Introduction
Automotive in-vehicle networking is evolving to support new features in software-defined vehicles (SDVs). As software consolidates into fewer electronic control units (ECUs) to increase scalability across vehicle platforms and streamline over-the-air (OTA) updates, a new remotecontrolled edge concept optimizes wiring while enabling scalable edge-node software.
Edge nodes are specialized ECUs that handle the realtime control of specific functions, such as headlight modules for exterior lighting or control modules for door locks, windows and side mirrors. These nodes receive commands from a commander ECU (the zone controller, domain controller or central computing) throughout the in-vehicle network. Edge nodes manage local hardware control by monitoring temperature, pressure or position sensors for control-loop feedback while directly controlling mechanical actuators such as motors and solenoids through load drivers, including half bridges and high- and low-side switches.

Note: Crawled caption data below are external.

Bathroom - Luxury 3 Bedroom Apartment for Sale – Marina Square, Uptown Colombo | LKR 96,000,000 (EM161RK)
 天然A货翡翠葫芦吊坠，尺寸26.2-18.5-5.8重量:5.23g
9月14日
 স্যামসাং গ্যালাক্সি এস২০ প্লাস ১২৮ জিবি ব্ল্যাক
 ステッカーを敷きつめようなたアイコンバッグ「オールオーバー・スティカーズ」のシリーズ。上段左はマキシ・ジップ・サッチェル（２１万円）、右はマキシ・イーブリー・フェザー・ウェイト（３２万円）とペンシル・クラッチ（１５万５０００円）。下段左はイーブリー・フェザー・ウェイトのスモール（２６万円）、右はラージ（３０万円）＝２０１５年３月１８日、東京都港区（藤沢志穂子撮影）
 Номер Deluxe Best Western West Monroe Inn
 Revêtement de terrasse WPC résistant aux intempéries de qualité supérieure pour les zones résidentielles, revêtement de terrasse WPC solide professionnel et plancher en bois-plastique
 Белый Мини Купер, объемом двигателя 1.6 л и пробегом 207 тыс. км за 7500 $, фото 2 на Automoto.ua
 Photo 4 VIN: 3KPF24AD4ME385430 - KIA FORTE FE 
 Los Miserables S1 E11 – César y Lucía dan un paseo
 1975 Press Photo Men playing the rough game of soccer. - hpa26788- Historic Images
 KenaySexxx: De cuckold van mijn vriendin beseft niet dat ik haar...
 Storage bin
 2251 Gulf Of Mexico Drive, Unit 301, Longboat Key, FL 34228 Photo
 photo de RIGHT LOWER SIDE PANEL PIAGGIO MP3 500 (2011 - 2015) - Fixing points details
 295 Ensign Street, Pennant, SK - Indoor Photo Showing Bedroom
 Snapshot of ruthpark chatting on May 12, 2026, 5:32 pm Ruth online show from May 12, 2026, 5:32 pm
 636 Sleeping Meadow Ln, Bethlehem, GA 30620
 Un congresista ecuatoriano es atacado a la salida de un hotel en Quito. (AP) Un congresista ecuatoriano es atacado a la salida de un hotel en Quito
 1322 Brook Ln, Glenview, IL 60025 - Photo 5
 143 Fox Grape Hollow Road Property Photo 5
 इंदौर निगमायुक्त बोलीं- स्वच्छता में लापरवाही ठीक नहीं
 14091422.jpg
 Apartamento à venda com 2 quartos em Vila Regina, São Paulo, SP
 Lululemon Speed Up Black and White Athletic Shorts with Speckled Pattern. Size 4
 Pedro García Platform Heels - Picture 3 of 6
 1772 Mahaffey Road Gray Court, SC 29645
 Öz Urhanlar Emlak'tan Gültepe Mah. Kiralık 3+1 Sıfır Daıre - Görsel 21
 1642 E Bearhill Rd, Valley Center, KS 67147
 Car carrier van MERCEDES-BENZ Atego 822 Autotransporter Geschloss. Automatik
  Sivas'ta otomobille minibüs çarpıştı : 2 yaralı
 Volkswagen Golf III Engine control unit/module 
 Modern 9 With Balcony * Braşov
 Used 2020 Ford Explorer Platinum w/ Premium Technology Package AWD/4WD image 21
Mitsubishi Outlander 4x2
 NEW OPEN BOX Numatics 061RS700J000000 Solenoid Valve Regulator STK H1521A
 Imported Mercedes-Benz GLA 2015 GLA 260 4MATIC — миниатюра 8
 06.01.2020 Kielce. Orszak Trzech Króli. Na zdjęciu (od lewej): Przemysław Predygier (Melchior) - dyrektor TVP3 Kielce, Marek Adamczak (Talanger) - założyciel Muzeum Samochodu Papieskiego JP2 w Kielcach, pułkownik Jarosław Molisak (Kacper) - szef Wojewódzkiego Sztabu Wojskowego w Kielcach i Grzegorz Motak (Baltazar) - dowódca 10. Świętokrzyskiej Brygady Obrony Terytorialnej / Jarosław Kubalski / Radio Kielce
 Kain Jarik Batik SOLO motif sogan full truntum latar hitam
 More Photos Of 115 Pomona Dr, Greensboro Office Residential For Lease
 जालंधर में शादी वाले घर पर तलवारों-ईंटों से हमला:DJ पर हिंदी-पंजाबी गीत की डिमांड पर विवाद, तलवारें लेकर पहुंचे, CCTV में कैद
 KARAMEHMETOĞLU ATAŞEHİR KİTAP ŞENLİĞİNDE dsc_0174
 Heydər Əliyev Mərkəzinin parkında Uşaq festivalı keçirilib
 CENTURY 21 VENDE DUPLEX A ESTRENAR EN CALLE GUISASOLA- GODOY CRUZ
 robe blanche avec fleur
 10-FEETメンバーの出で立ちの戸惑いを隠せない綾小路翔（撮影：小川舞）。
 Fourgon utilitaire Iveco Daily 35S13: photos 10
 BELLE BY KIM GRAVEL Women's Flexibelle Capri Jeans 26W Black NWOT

Remote-controlled edge architectures shift the real-time control and hardware abstraction layer (HAL) upstream to the commander ECU, which then generates low-level hardware commands for sensors and load drivers to the edge nodes. The remote-controlled edge solution bridges the higher-level network data-link layers between ECUs such as Ethernet or Controller Area Network (CAN) with low-level communication interfaces such as Serial Peripheral Interface (SPI), Inter-Integrated Circuit (I2C), universal asynchronous receiver-transmitter (UART) and general-purpose input/output (GPIO). This approach eliminates the microcontroller (MCU) as well as any software from the edge node entirely.
The remote-controlled edge scheme supports major, overarching trends around SDVs and reduces the amount of wire harnesses by centralizing software in the commander ECU, while keeping loaddependent hardware in the edge nodes close to the electromechanical actuators.